## RECORDS SHOWN
*** Begin section ***
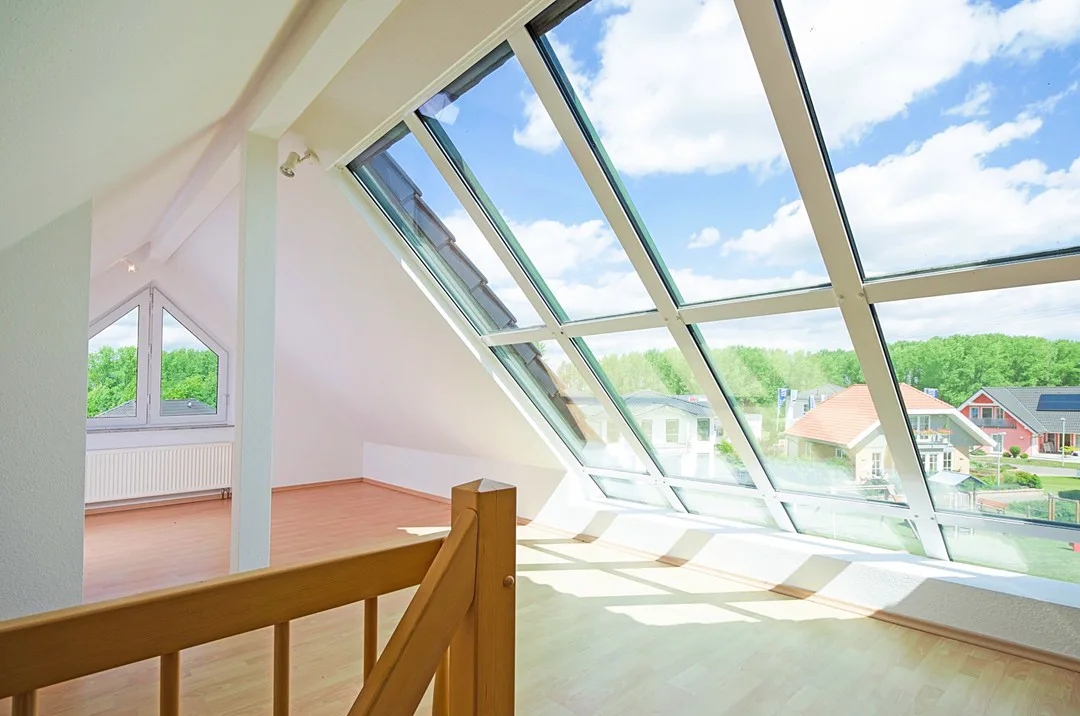 Dachgeschoss mit großer Dachverglasung und Blick ins Grüne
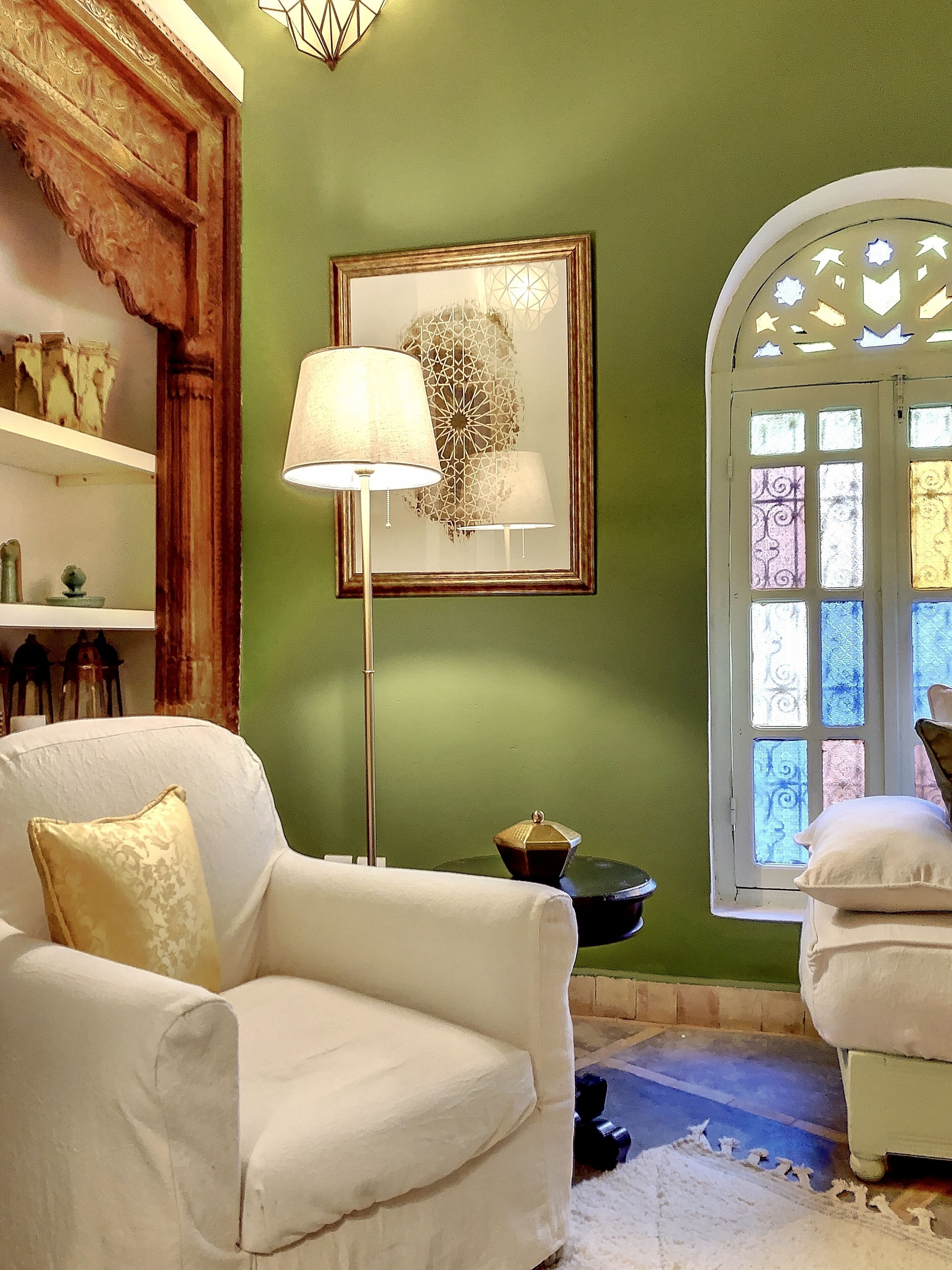 Une pièce avec un mur vert, un fauteuil blanc, un lampadaire et une œuvre d’art encadrée.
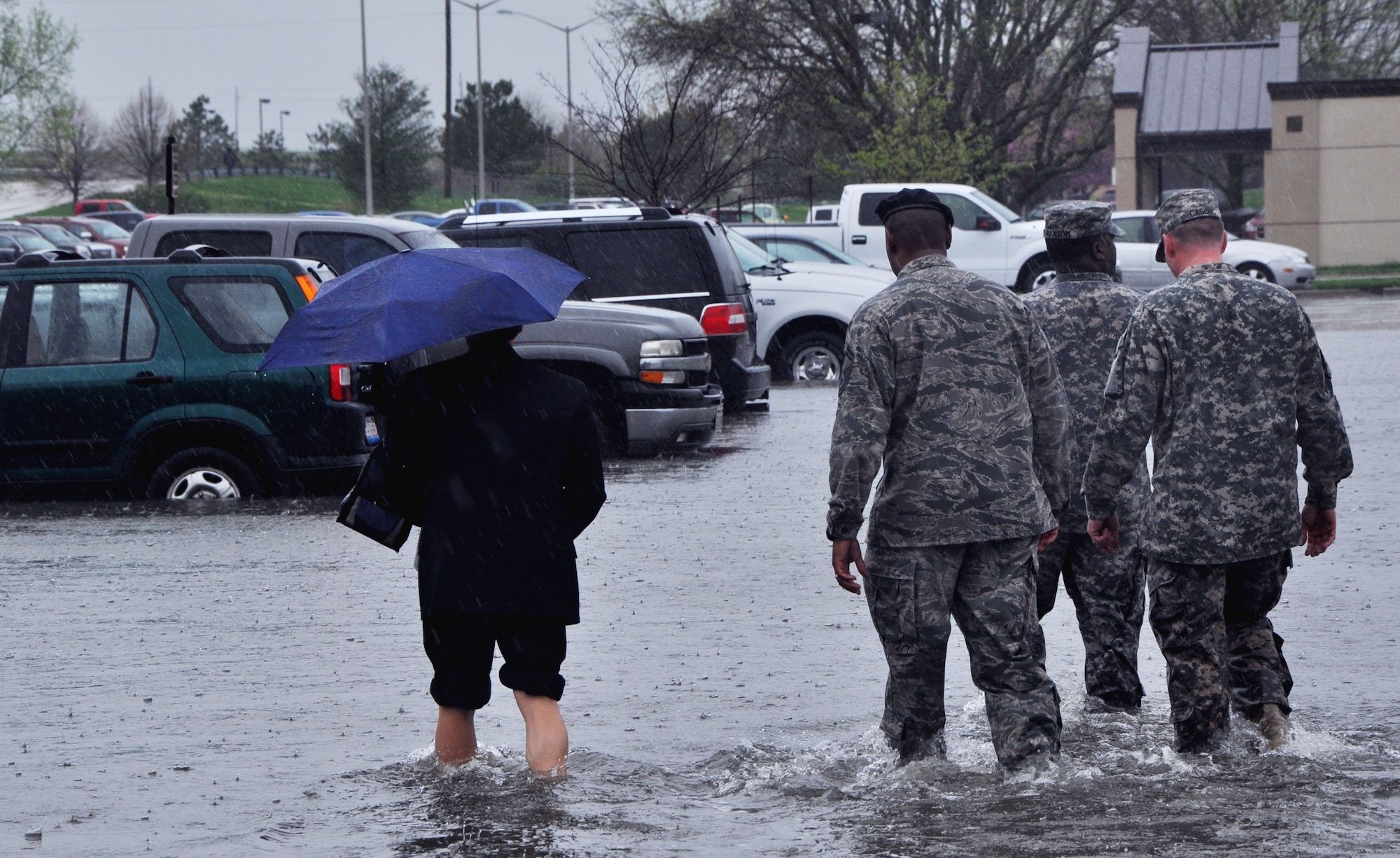 Servicemembers help a civilian to her car at Scott April 18, 2013 after rain dumped 5.2 inches on the base, causing floods and damage to vehicles and buildings. Throughout the day, servicemembers helped move cars from the flooded areas, while security forces members helped people exit the base and civil engineers assessed damage. (U.S. Air Force photo/Airman Megan Friedl)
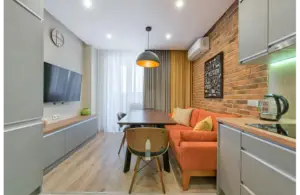 a small living area beautifully decored with sofas and curtains.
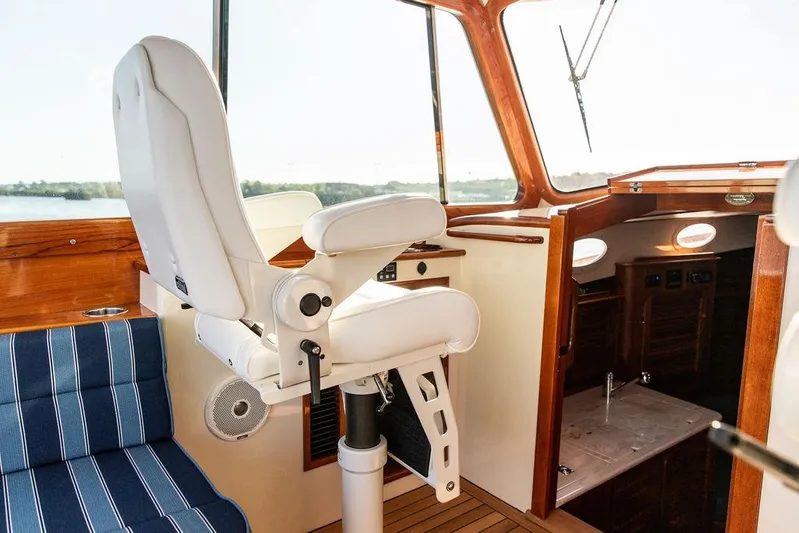 Brendan Yacht Photos Pics Helm station of 2018 Hinckley Picnic Boat 37 MKIII with white captain's chair and wooden interior.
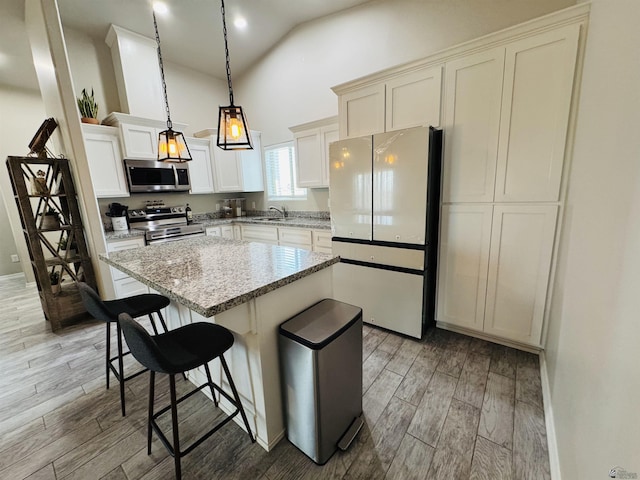 kitchen with light wood-style flooring, a sink, a kitchen breakfast bar, a kitchen island, and appliances with stainless steel finishes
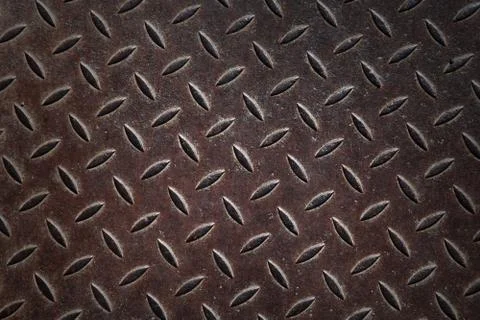 Old metal panel background texture with diamond pattern Stock Photos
*** End section ***
## TASK PROMPT
Could the lines from the top of the material through the line with "Brendan Yacht Photos" be repeated exactly, pictures left out?

## ANSWER TO THIS PROBLEM
 Dachgeschoss mit großer Dachverglasung und Blick ins Grüne
 Une pièce avec un mur vert, un fauteuil blanc, un lampadaire et une œuvre d’art encadrée.
 Servicemembers help a civilian to her car at Scott April 18, 2013 after rain dumped 5.2 inches on the base, causing floods and damage to vehicles and buildings. Throughout the day, servicemembers helped move cars from the flooded areas, while security forces members helped people exit the base and civil engineers assessed damage. (U.S. Air Force photo/Airman Megan Friedl)
 a small living area beautifully decored with sofas and curtains.
 Brendan Yacht Photos Pics Helm station of 2018 Hinckley Picnic Boat 37 MKIII with white captain's chair and wooden interior.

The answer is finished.